La ciencia es para los científicos

Hace poco escuché en la radio como un científico trataba de explicar a un conocido locutor el mágico proceso físico que hace que las señales de radio puedan modularse y transmitirse a largas distancias, para así tener en nuestros receptores de televisión o de radio las imágenes y los sonidos producidos a miles de kilómetros de distancia.

Tras la explicación, el locutor se quedó un momento perplejo y, a continuación, propinó el siguiente argumento en las ingles del esforzado científico: “sí, vale, pero para mí esto sigue siendo cosa de brujería”. Y, tras una risa autocomplaciente, añadió que él, como era de letras, en los asuntos científicos andaba justito.

Esta necia actitud (en un individuo por lo demás culto y admirable) está tan extendida que casi la damos por supuesta: es normal que un ciudadano destacado en su profesión (políticos, periodistas, tertulianos, secretarios generales de cosas importantes y otras gentes pelaje semejante) menosprecie el conocimiento científico, pero jamás les oiremos dudar en cualquier asunto relacionado con la política, la historia o el arte.

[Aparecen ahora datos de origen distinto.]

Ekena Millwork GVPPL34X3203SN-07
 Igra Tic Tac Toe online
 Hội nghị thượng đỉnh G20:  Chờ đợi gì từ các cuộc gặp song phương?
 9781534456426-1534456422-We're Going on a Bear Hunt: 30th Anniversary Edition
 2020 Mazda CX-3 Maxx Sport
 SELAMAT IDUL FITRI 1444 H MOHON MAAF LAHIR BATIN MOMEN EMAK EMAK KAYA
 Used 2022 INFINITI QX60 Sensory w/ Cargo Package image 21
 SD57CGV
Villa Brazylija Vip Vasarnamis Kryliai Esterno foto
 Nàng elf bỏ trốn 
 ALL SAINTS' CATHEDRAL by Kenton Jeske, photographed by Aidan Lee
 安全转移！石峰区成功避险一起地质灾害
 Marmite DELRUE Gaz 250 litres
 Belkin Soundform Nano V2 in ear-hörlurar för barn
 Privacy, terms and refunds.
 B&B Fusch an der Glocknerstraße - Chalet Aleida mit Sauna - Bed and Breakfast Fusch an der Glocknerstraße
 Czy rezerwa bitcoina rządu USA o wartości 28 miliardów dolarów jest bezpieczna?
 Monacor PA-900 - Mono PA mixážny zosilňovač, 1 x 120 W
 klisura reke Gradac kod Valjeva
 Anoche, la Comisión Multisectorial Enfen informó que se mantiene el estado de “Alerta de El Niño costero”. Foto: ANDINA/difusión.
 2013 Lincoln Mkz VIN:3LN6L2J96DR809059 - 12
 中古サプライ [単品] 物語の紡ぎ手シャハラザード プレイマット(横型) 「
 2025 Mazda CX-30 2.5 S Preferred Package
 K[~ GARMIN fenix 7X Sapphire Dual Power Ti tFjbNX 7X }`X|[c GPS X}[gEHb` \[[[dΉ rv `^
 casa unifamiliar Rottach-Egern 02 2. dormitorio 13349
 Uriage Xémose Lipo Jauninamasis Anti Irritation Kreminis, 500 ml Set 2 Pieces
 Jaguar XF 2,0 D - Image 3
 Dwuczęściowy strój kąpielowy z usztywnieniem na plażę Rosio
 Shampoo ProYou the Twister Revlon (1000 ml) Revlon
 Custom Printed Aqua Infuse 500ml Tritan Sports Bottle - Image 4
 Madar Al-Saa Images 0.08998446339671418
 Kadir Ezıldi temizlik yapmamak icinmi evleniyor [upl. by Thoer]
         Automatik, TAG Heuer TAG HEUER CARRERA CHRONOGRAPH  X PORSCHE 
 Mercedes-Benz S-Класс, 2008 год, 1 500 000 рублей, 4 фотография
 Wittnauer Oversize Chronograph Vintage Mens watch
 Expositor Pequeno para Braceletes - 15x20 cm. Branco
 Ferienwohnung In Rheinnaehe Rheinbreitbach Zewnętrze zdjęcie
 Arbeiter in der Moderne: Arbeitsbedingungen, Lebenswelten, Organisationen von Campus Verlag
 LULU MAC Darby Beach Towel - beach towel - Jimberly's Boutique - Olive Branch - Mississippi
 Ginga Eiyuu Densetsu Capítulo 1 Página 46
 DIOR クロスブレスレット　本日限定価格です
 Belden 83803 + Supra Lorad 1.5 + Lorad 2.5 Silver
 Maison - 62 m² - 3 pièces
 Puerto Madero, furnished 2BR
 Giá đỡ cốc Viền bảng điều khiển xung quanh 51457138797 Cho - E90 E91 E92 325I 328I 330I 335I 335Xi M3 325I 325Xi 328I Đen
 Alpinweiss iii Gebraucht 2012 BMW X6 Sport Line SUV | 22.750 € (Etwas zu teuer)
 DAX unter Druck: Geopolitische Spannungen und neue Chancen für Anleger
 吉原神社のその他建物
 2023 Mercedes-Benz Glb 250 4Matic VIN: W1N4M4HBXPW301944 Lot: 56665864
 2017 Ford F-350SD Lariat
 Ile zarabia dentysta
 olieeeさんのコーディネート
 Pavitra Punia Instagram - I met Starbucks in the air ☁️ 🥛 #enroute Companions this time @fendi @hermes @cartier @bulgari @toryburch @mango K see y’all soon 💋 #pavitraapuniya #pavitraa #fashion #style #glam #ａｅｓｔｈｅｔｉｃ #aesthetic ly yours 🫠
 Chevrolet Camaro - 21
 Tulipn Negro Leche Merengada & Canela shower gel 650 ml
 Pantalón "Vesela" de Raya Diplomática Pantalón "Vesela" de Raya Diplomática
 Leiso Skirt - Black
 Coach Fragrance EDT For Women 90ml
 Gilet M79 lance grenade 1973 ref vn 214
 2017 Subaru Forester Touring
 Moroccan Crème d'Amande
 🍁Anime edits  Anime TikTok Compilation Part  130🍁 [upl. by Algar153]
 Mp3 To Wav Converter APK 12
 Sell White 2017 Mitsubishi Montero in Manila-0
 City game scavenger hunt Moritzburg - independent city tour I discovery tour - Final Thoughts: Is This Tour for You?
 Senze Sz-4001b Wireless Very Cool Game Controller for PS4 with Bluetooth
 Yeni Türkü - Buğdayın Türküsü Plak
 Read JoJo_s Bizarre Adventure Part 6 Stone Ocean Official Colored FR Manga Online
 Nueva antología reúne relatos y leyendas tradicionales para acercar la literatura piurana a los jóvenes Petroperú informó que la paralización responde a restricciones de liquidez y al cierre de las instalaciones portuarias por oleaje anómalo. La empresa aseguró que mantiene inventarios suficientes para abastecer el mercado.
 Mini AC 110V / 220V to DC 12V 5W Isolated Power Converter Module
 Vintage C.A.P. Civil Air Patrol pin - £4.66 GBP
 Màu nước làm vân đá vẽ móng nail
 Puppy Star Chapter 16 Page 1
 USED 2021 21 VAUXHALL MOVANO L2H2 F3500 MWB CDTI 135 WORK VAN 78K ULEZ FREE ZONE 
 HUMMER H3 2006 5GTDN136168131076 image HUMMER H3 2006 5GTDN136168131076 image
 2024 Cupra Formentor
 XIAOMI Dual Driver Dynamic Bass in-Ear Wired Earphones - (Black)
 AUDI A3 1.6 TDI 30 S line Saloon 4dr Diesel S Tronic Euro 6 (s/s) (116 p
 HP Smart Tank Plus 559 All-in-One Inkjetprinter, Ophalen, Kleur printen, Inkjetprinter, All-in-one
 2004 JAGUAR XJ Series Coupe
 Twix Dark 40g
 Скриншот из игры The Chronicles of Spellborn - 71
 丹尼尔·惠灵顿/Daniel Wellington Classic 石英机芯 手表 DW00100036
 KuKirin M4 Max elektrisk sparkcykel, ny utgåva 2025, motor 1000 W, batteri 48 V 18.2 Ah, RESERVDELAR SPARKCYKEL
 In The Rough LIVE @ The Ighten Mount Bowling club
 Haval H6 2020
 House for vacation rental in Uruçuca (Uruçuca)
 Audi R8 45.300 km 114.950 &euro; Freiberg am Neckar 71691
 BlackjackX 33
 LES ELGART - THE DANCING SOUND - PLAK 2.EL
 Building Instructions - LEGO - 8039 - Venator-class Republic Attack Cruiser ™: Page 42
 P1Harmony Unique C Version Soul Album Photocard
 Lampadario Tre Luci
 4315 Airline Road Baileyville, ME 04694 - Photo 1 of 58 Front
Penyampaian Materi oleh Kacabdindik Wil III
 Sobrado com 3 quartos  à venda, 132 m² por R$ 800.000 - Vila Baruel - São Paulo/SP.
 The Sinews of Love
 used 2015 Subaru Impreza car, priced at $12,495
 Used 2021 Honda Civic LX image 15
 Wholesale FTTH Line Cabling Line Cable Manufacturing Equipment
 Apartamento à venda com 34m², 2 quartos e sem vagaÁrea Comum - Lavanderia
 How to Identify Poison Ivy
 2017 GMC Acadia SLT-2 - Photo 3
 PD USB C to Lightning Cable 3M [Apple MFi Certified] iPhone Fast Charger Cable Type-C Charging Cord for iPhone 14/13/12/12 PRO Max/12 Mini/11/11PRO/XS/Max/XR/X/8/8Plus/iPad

Ya saben, esas son cosas importantes, mientras que la ciencia es esa cosa inútil e incomprensible para la gente normal que perpetran unos tipos con bata blanca y pelo alborotado en los laboratorios subterráneos de alguna universidad.

Resulta curioso, o escalofriante, que en un mundo hipertecnificado y literalmente invadido por una especie con la capacidad tecnológica suficiente para autodestruirse, los personajes públicos hagan gala, y hasta presuman, de una ignorancia supina en asuntos científicos. ¿Cuántas veces han oído esa sandez de que el agua que los rios vierten al mar es agua que se desperdicia, por poner un ejemplo cotidiano? Cualquiera con un mínimo de formación en ciencias ambientales sabe que esa es una barbaridad comparable a decir que al El Quijote le sobran ochocientas páginas porque en un par de cuartillas se puede resumir aceptablemente su trama. Pues oigan, se oyen a diario montones de tonterías como esa dichas por gentes en general cultas otros ámbitos, pero que pasean su ignorancia científica sin sonrojarse.

Según este razonamiento, si yo digo que no tengo ni idea de quién fue Fernando VII, soy un bruto ignorante y no tengo ni idea de en qué mundo vivo, porque no sé de dónde vengo. Pero si digo que no tengo ni idea de cómo se transmite la señal de televisión o por qué el cielo es de color azul, sólo soy un tipo demasiado ocupado como para perder mi tiempo en curiosidades estúpidas.

Creo que sólo con un conocimiento científico y tecnológico razonablemente sólido y extendido podemos aspirar a alcanzar una sociedad más libre e igualitaria. Si no, los que controlen la tecnología (informática, biológica o de cualquier otro tipo) serán los amos del cotarro.

Resulta evidente, además, que los dos tipos de conocimiento son necesarios para formar a individuos de manera integral. Y no se trata de que todos nos convirtamos en expertos en física de partículas, como tampoco tenemos que hacer una tesis doctoral sobre la historia de España en el primer tercio del siglo XIX.

En tiempos de Newton, la física y la filosofía eran hermanas, hasta el punto de que Newton tituló a su obra magna “Philosophiae naturalis”. Mientras sigamos dividiéndonos en gentes “de letras” y “de ciencias”, estaremos menospreciando al menos la mitad del bagaje cultural de la humanidad. Y eso, además de una falta de respeto a las generaciones pasadas, es un desperdicio imperdonable.